Mindfully Resolute (how to make goals stick)

It's 6:03am. Dark as night outside. And icy cold. I've been jostled from my sleep by the sounds of a waking babe waaaaaahing his presence known, demanding milk and a fresh diaper. I roll over and hope that my better half will stumble out of bed to serve his highness. 

After seven minutes, he still hasn't stirred (likely also secretly awake and hoping his better half will swoop in and feed the baby chick). I peel off our three layers of covers and shiver as my toes feel the frosty morning air. For a second, I consider jumping back in under the down comforter to snuggle until I can't take the screaming anymore. Good thing my better instincts take over.  I shuffle with one eye open into the kitchen.

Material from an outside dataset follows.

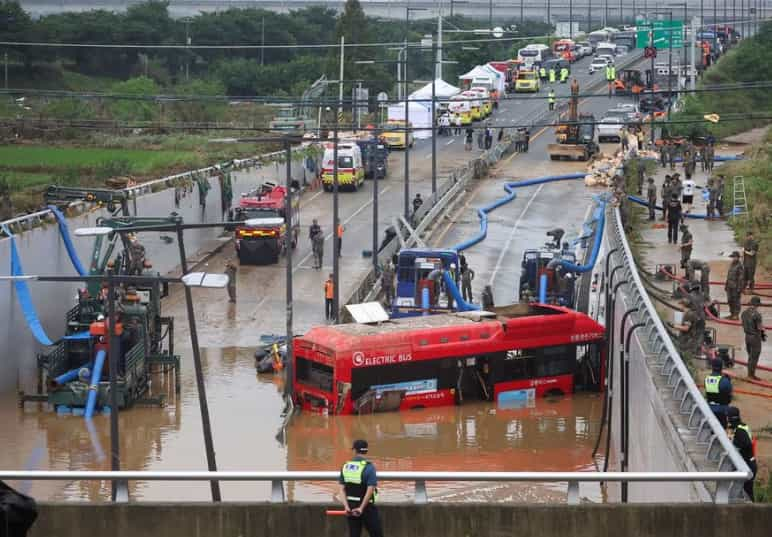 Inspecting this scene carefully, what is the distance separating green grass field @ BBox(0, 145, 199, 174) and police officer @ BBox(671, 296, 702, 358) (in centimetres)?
4037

When I was pregnant (and researching the bazillion things you must know/do/never do when you become a parent), I remember reading about how one day I'd be able to change a diaper with my eyes closed or make a bottle in my sleep. I pondered, but doubted they literally meant that. After thirteen months of caring for this little (and not-so-little) babe, I can say that it wasn't just an analogy they were giving. I'm fairly confident I could make a bottle in my sleep.

Sometimes my husband and I joke how we've become those parents - you know, the frazzled ones who shower once a week, wear their pajamas to the grocery store and forget to brush their hair. Though we're not like that all the time, it's true that because we spend so much time and energy (and money!) taking care of our little bear, when it comes to caring about ourselves (like we used to!) we often opt for the less effort taking route.
The past couple of months, I've become more mindful about my overall wellbeing. 

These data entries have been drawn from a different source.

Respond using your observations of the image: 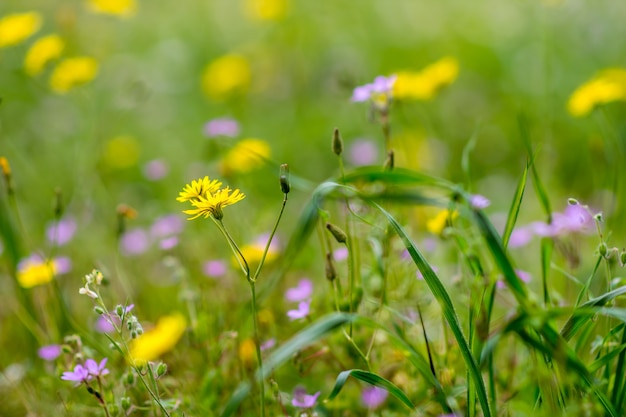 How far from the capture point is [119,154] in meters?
3.27

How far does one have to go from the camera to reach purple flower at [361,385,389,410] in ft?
4.45

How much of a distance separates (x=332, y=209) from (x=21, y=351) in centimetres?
101

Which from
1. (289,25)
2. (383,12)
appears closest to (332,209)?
(289,25)

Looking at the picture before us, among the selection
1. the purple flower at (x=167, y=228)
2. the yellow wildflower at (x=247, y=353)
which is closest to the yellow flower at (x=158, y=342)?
the yellow wildflower at (x=247, y=353)

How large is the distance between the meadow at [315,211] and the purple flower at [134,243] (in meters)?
0.01

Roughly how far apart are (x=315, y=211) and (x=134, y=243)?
1321mm

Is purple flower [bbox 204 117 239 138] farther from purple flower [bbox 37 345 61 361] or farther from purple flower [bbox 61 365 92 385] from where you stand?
purple flower [bbox 61 365 92 385]

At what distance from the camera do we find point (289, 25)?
4.30 metres

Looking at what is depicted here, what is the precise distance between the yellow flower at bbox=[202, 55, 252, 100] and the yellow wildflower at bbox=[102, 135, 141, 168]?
44cm

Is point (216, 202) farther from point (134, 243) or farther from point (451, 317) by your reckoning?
point (134, 243)

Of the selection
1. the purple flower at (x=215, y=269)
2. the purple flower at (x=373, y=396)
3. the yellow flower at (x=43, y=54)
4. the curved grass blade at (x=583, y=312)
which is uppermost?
the yellow flower at (x=43, y=54)

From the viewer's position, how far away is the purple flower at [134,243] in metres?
2.30

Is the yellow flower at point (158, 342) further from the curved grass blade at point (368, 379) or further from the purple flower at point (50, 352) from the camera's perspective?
the curved grass blade at point (368, 379)

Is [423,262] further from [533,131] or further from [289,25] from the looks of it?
[289,25]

What I put into my body. What I do with my body. How I perceive my body. How I deal with stress. How to be more mindful and focus on healing and nourishing over being lazy, shaming and giving into guilt. 

Perhaps it's the shift in years or the fact that I often feel tired and just not great overall. Or that I'm inching my way up the thirties year by year (and my body feels it). 

I've always been resistant to making resolutions at the start of a new year. I always felt they were pointless because who really sticks to those the whole year, anyway? Let's be honest, how many people can stick to them through February! 
Last night I went to yoga for the first time in probably a month. Between sickness and teething and busy schedules (and exhaustion!) I just haven't gone. But if there's one thing I know, it's that yoga always helps me feel better. Mentally and physically. It was late and I was tired, but I knew that loving myself meant pushing myself to go.

On the drive to my yoga studio I listened to this episode of Hidden Brain by NPR, which talks about resolutions. What I learned was really quite interesting.

In this episode, they talk about the psychology behind resolutions - not the what or the how, but the why. 
Why do we bother to make new years' resolutions (if we usually tend to break them)? Why do we fail to stick to them?

Here's what they concluded:

Making resolutions is a form of mental accounting.  

One study found that Google searches for the word diet go up dramatically not only at the start of a new year, but also at the start of a new month or a new week, birthdays and federal holidays. They seem to serve as temporal landmarks.
    
People tend to look down on their past selves compared to who they are now. 

The example they gave for this was, "I used to be a chump but now i'm a champ" mindset (ha! so true!), whereby our resolutions serve as a marker to distinguish between our two selves.  This, however, immediately sets us up for failure because it's a skewed perspective of true selves, as we are now. Who we want to be versus who we actually are sets unrealistic expectations of ourselves. This, they concluded, is what sets us up to not follow through.

How many times has this happened, right? We get excited and make all these lofty goals, resolute to be the new and improved me this year! And then come January 17th, we've already eaten way too many donuts and haven't done yoga in a week. Insert facepalm.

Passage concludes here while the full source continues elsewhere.